The North German Confederation Treaty (Augustverträge, "August Treaties", or Augustbündnis, "August Alliance "; also called the North German Federation Treaty and the Treaty of 18 August 1866) was the treaty between the Kingdom of Prussia and other northern and central German states that initially created the North German Confederation, which was the forerunner to the German Empire. This treaty, and others that followed in September and October, are often described as the August treaties, although not all of them were concluded in August 1866.

The treaties followed the Austro-Prussian War of Summer 1866, after which the German Confederation of 1815 was dissolved. The treaties established:
- a military alliance, and
- an agreement to transform the alliance into a nation state, based on the Prussian reform plan for the German Confederation

The German states involved arranged the election of a North German parliament in February 1867. The parliament on the one hand, and the governments on the other, agreed on a constitution for the North German Confederation on 1 July 1867. This Confederation, a federal state, was expanded in 1870–71 with the south German states and became the German Empire. The August treaty of 1866, therefore, can be seen as the first legal document that established the modern German nation state.

==Signing and contents==
The treaty was signed at Berlin on 18 August 1866, between the preliminary and the final peace treaty between Austria and Prussia, which formally ended the Austro-Prussian War.
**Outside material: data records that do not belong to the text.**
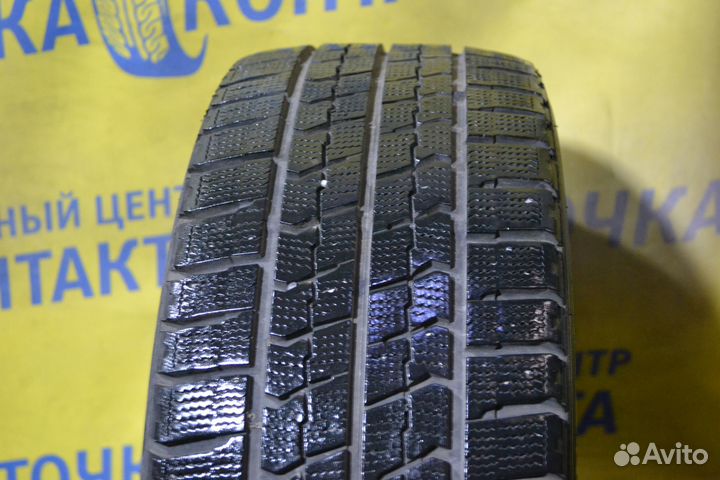 Goodyear Ice Navi Zea II 215/45 R17
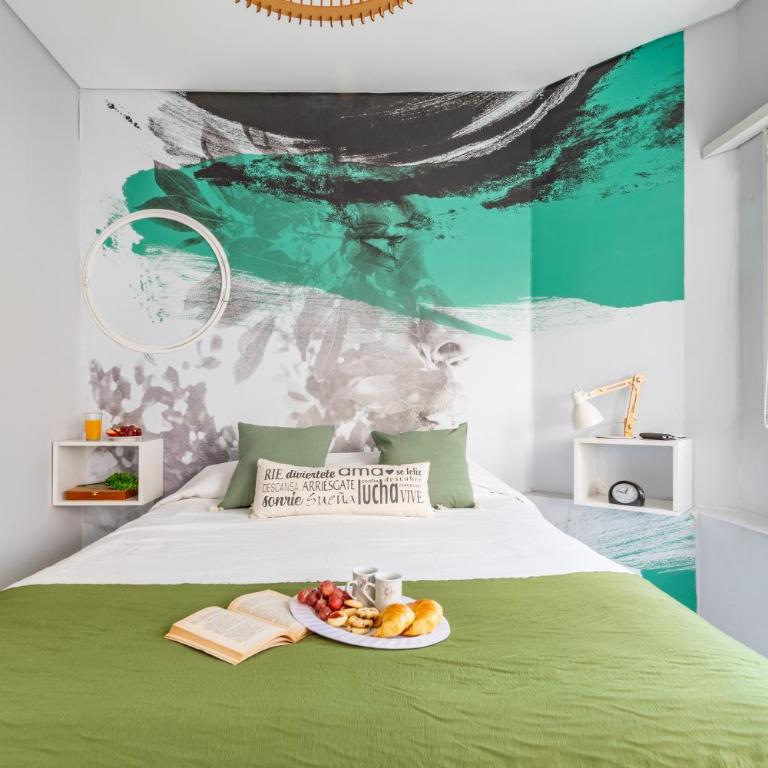 Corazón de Retiro, con cochera piscina y sauna - Habitación Familiar Superior - 2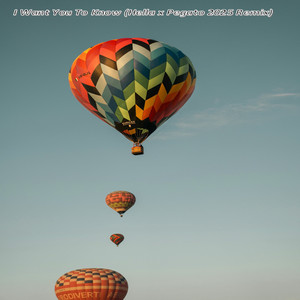 I Want You To Know (Hella x Pegato 2025 Remix)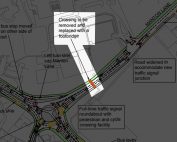 manton lane footbridge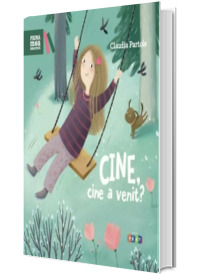 Cine, cine a venit? (Prima mea biblioteca)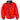 Men's D D Shell Down Jacket Red Size IT 48 / M
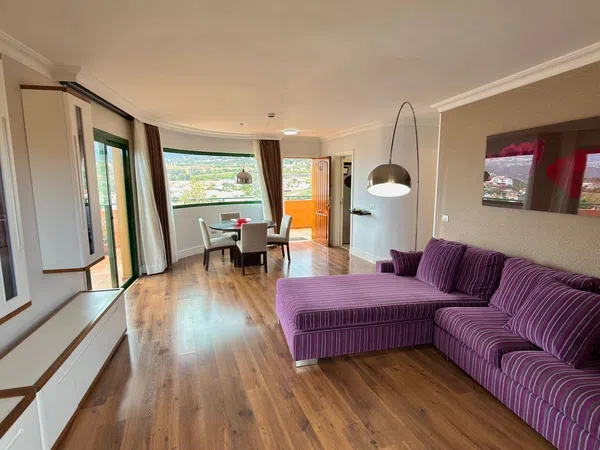 Ático en calle Doctor Rafael Folch, 2 - Foto 4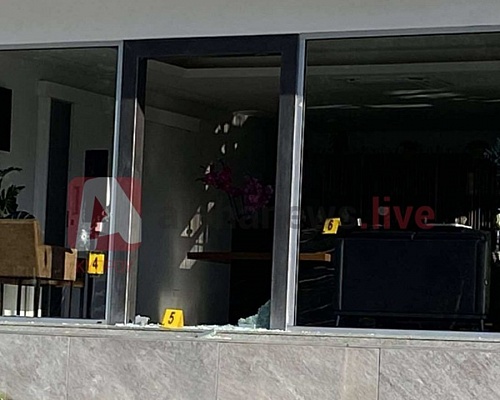Τοκογλυφία πίσω από τους πυροβολισμούς στη Λεμεσό, του δάνεισε 400 χιλιάδες και ζητούσε €1,5 εκ.
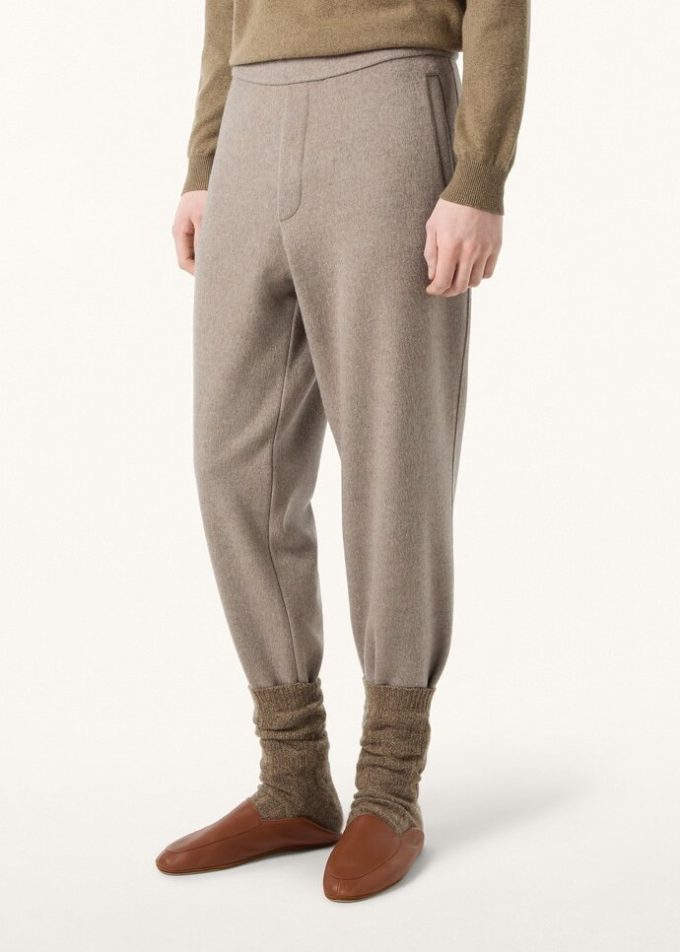 Tamigi Pants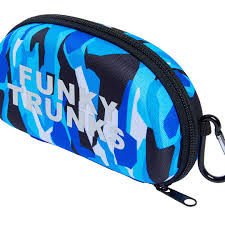 FUNKITA GOGGLE CASE/CHAZ MICHAEL GÖZLÜK KABI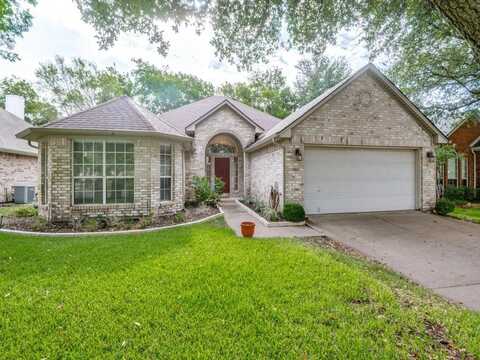 1020 Indian Cherry Lane, Flower Mound, TX 75028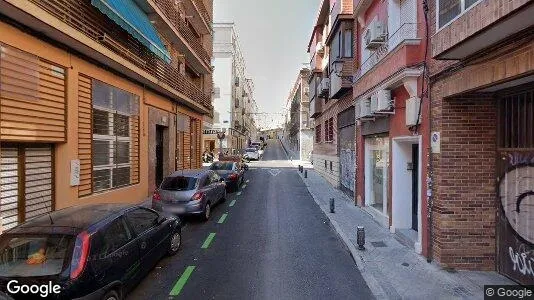 Apartments for rent in Armeno - Photo from Google Street View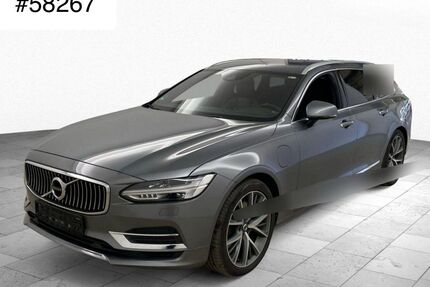 Volvo V90 Gebrauchtwagen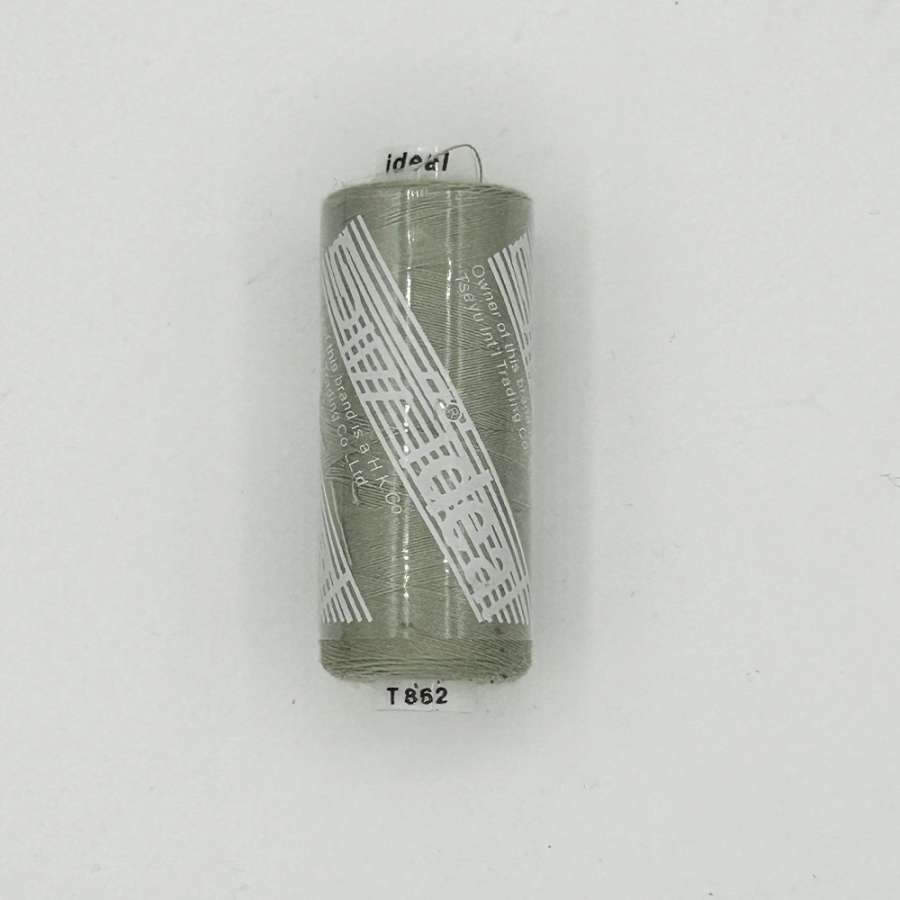 Нитки швейні Ідеал 40/2 колір 862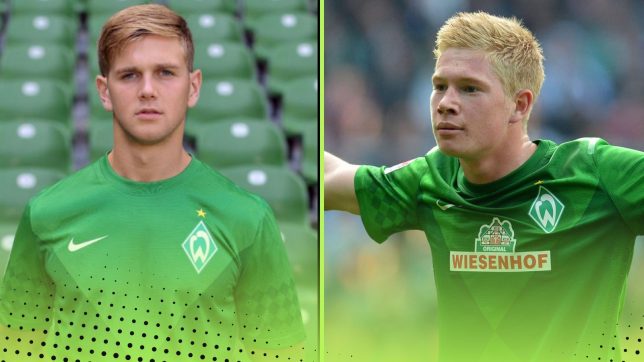 6 pairs of Premier League footballers we can’t believe were team-mates elsewhere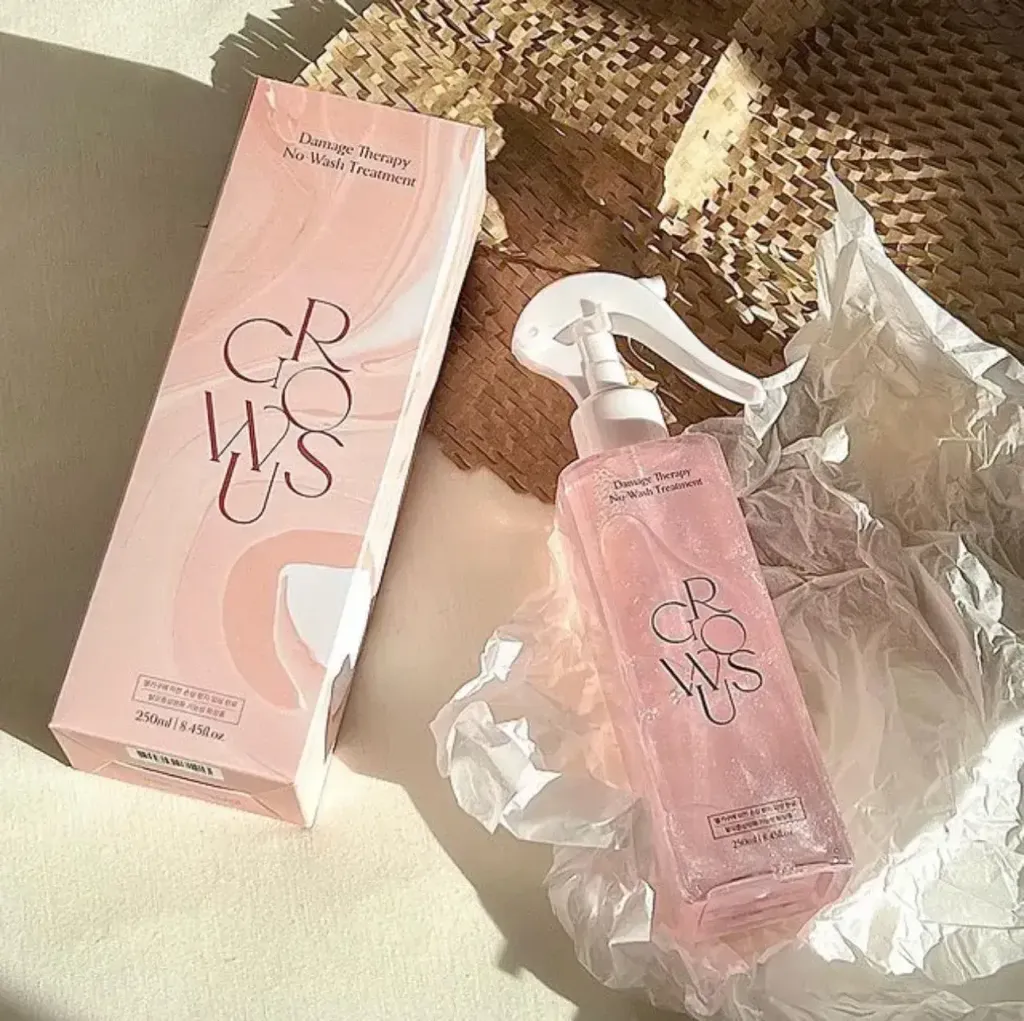 Damage Therapy No-wash Treatment EX 250ml - Image 3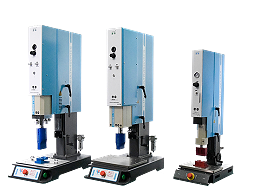 影響超聲波焊接成功的5個重要因素之焊接系統(tǒng)頻率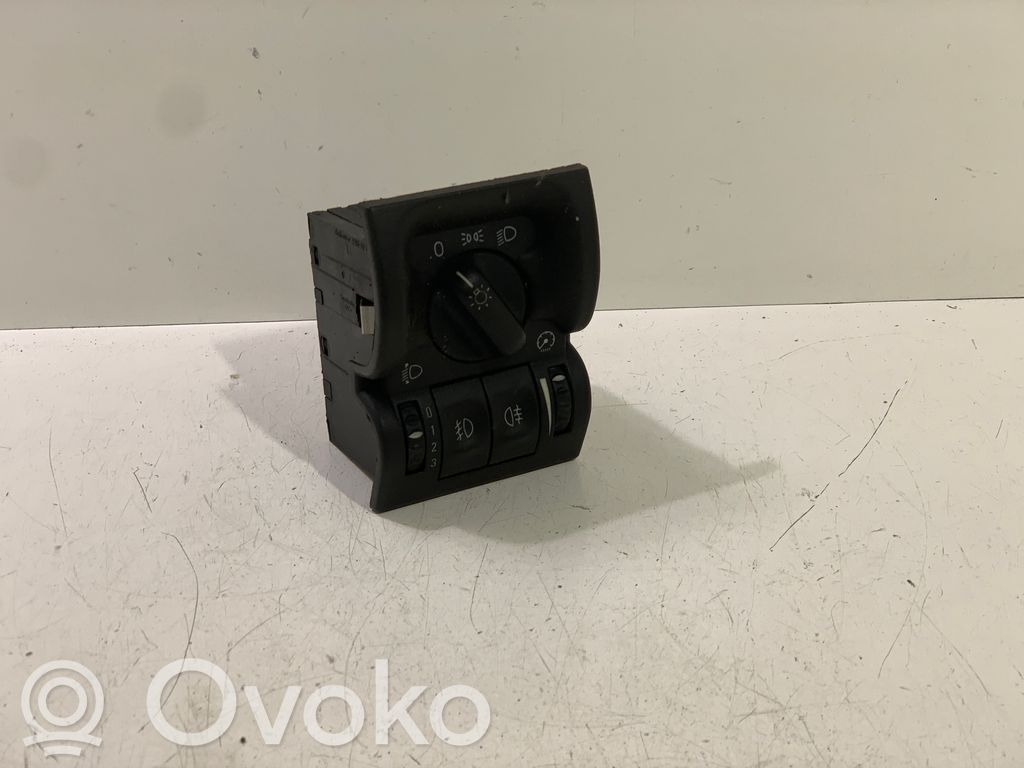 Opel Vectra B Light switch 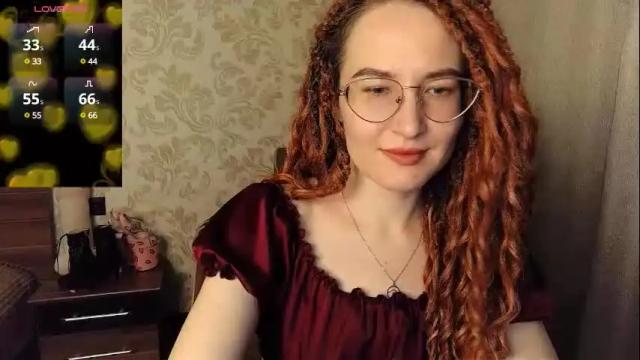 Thumbnail 1, agnesgraham's Stream at Chaturbate, 1 month ago
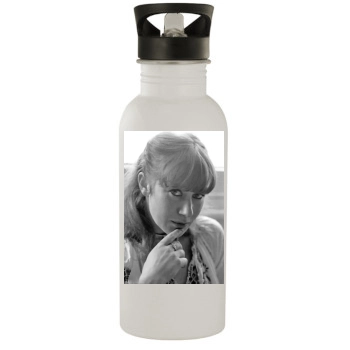 Helen Mirren Stainless Steel Water Bottle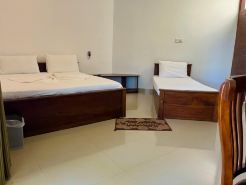 Kamatha Hotel & Restaurant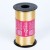 Fita de Cetim n1 - 7mm - 100 Metros Diversas Cores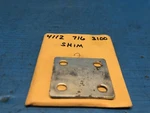 Stihl FS66 FS88 FS81 String Trimmer Backing Plate 4112 716 3100--FREE Shipping New. Price: $9.95.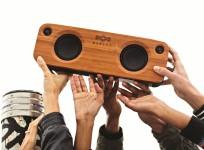 House Of Marley Bluetooth Speaker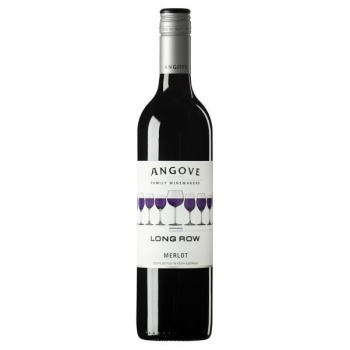 Angove Long Row Merlot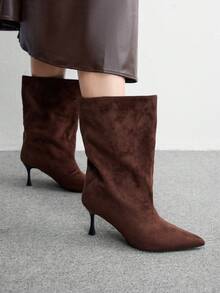 Coffee Brown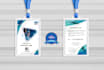 design  lanyards, id cards, id badges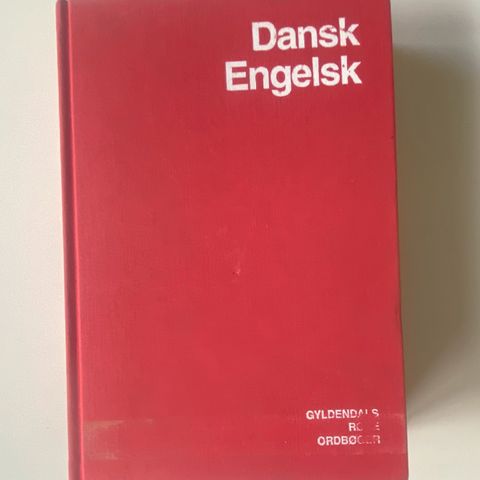 Annoncebillede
Initially, the treaty bound the parties into a military alliance and an agreement to negotiate the creation of a formal federation. The treaty specified that if no agreement on confederation had been reached by August 1867, the duty to negotiate would expire after one year.

The full name of the treaty, translated to English, is Treaty of Alliance between Anhalt, Bremen, Brunswick, Hamburg, Lippe, Lübeck, Oldenburg, Prussia, Reuss-Schleitz, Saxe-Altenburg, Saxe-Coburg-Gotha, the Grand Duchy of Saxony, Schaumburg-Lippe, Schwarzburg-Rudolstadt, Schwarzburg-Sondershausen, and Waldeck and Pyrmont, signed at Berlin on 18 August 1866.

The leading Prussian politician was Otto von Bismarck, who had been chancellor since 1862. While the national liberals of Prussia urged him to force a national constitution on the smaller states of Northern and Central Germany, Bismarck had the intention to spare their feelings and to create the new state based on formal agreements. It was also a signal to the South German states, which Bismarck wanted to incorporate later. Bismarck drafted the constitution, which was changed by the allied governments and by the Reichstag, the North German parliament.

==Parties==
The Kingdom of Prussia was the dominant party to the treaty. The other parties to the treaty pledged their military forces under the command of the King of Prussia.

The following states signed the treaty on 18 August and submitted ratifications on 8 September 1866:

- Duchy of Anhalt
- Bremen
- Duchy of Brunswick
- Hamburg
- Principality of Lippe
- Free City of Lübeck
- Grand Duchy of Oldenburg
- Kingdom of Prussia
- Principality of Reuss-Gera
- Duchy of Saxe-Altenburg
- Saxe-Coburg and Gotha
- Saxe-Weimar-Eisenach
- Principality of Schaumburg-Lippe
- Schwarzburg-Rudolstadt
- Schwarzburg-Sondershausen
- Principality of Waldeck

The following states submitted ratifications or accessions to the agreement at dates later in 1866:

- Grand Duchy of Mecklenburg-Schwerin
- Grand Duchy of Mecklenburg-Strelitz
- Grand Duchy of Hesse (northern parts only)
- Principality of Reuss-Greiz
- Duchy of Saxe-Meiningen
- Kingdom of Saxony

The Duchy of Lauenburg was not formally a member of the treaty, but it was implicated in the agreement because its duke was, from 1865, the Prussian king.

At the same time, the original East Prussian cradle of the Prussian statehood as well as the Prussian-held Polish- or Kashubian-speaking territories of Province of Posen, West Prussia, the Lauenburg and Bütow Land and Draheim were formally annexed into Germany.